Dolphin Address 01
January 25th 2008
There you are. I’m back from Holland nice and tidy, after a week at my mother’s and one at my daughter and her friend’s. And the unavoidable MOT-thing. I have fortified my existence here in lots of ways, from a new cooker to a pair of water-repellent woolly warm slippers, from new briefs to ‘Grunniger kouke’ (local delicacy, sweetloaf with ginger and candied peel).
From the parking square at my mother’s until down to the Meadow is 1197.6 km. Times two, rounded up to 2400 km. Left, then right, and left again. I always tuck up my sleeve on the side I am driving. But there are catches and snags underneath the asphalt.
In ’92 at a roundabout for the very first time it was also nearly my last, as I looked the other way than a lorry came howling forward.
As my wheel is on the left, in Ireland I can drive very sharply along the outermost side of the often winding and narrow roads. This evokes a feeling of ‘laisser passer’, like ‘what more can I do?’. Worst scenario is that I drive the other side of the bus to smithereens.
In Holland, my estimate for extreme right had gone out of habit, so in urban situations and specifically in parking garages I lifted quite a few legs. And parallel parking was totally out of the question.
A similar difference is that in Holland while standing still I hardly ever had to use the brake.
On my travels between Ire- and Holland I always have to switch to the powers of catch and dare, hence the honorary nickname ‘Johnny Roundabout’.
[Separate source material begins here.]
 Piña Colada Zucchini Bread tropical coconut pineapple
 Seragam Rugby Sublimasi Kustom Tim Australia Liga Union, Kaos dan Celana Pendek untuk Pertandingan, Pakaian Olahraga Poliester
Because of the many kinds of artificial light, like the reflection of long red stripes of rear lights on the glittering asphalt, the green comfort of a traffic light, the orange sweeps cast by streetlamps and the piercing headlights of the oncoming traffic, you hardly notice it getting light in the morning and dark in the evening.
Sometimes in a bend, an approaching car seems to come straight at you or shifting shadows suggest a part of road that doesn’t exist.
back home
The term ‘tailback’ for a queue evokes in me the image of a scorpion killing itself by the venom in its tail. A few times I had to go heavy on the brake to avoid ramming the car in front of me.
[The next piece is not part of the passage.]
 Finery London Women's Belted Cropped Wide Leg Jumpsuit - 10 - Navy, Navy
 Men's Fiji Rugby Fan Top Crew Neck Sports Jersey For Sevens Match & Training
England has quite a few sloping roadscapes from which now and then I could see the queue moving forward like an accordion. I had hoped by arriving in Harwich at 5.30 am I could beat it but the road was already like a battlefield.
Not only Germany has its ‘Rasers’, people who drive at full throttle over the ‘Autobahn’. Lots of Englishmen take to the fast lane as well. They drive by as if you are standing still while doing 120. It’s a cold comfort to realise a fast driver gets into queues more often.
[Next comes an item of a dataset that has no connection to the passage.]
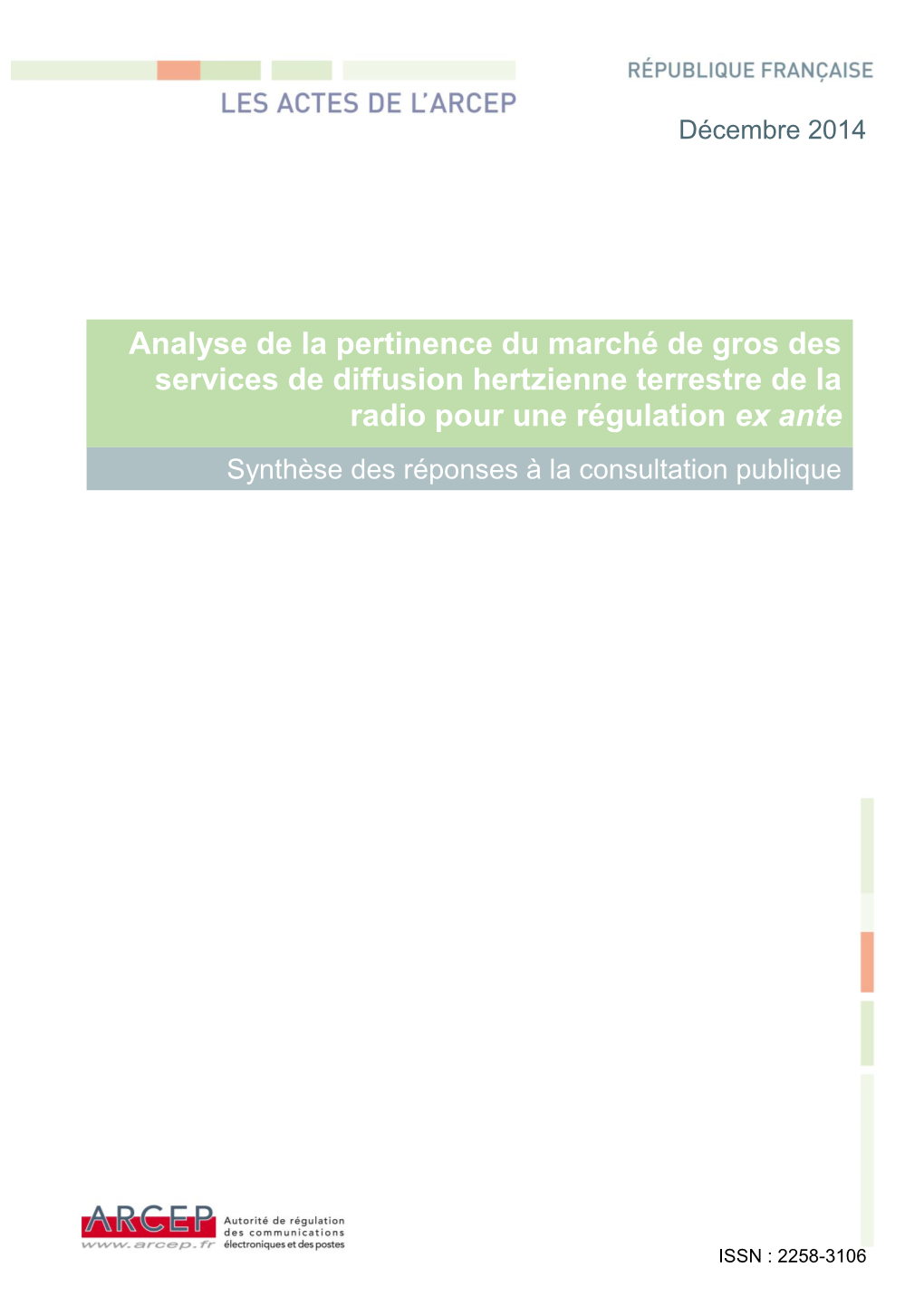 Analyse De La Pertinence Du Marché De Gros Des Services De Diffusion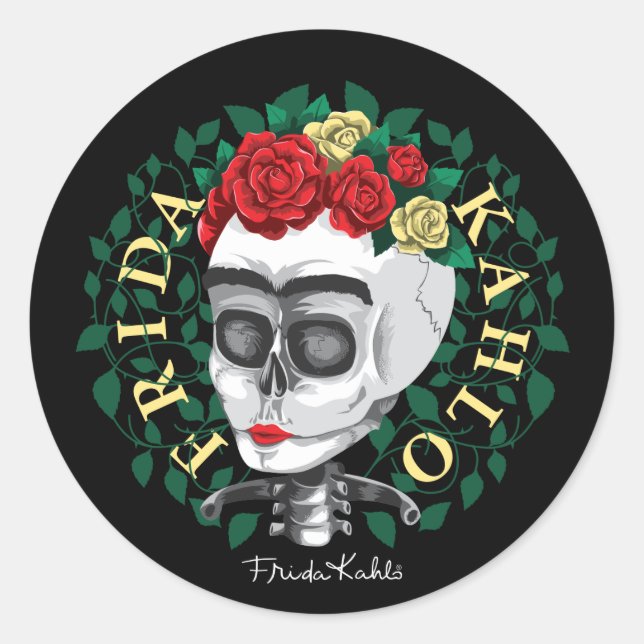 Sticker Rond Frida Kahlo | Crâne avec couronne Rose (Devant)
Why lorries overtake each other is a mystery to me. It takes kilometres to outrun each other and the gain seems futile. Sometimes I suspect them of spiting motorists or performing a frustration because they are overtaken effortlessly by midges and Dinky Toys. Sometimes it even looks as if they purposely overtake each other in turns. Every ‘blockade’ dams up cars and can lead to heavy traffic.
Sometimes, when I snap off a piece of chocolate, take a swig of water or pick out a peppermint, my tyres rumble over the drum strip. Then my heart resounds in full fright. That is some jolt!
And if, for a split second, you look aside, you can see that the farther away something is, the slower it glides by.
What I found exciting was to see these narrow high lorries diving under bridges and flyovers with only a few centimetres’ play. Generally the awareness of distance slows one down as a mile is 1.6 times a kilometre.
Just like stonewashed jeans with rips and tears I would not be surprised when shortly car fashion will prescribe the bodywork to be dented, scratched and with a star in the windscreen. Quite a few Irish drivers, myself amongst them, have a spontaneous knack for inflicting this type of self-damage.
By the way, a totally unexpected aspect to walking upon smooth flooring is the shrieks of my sneakers. They don’t do this in the wild.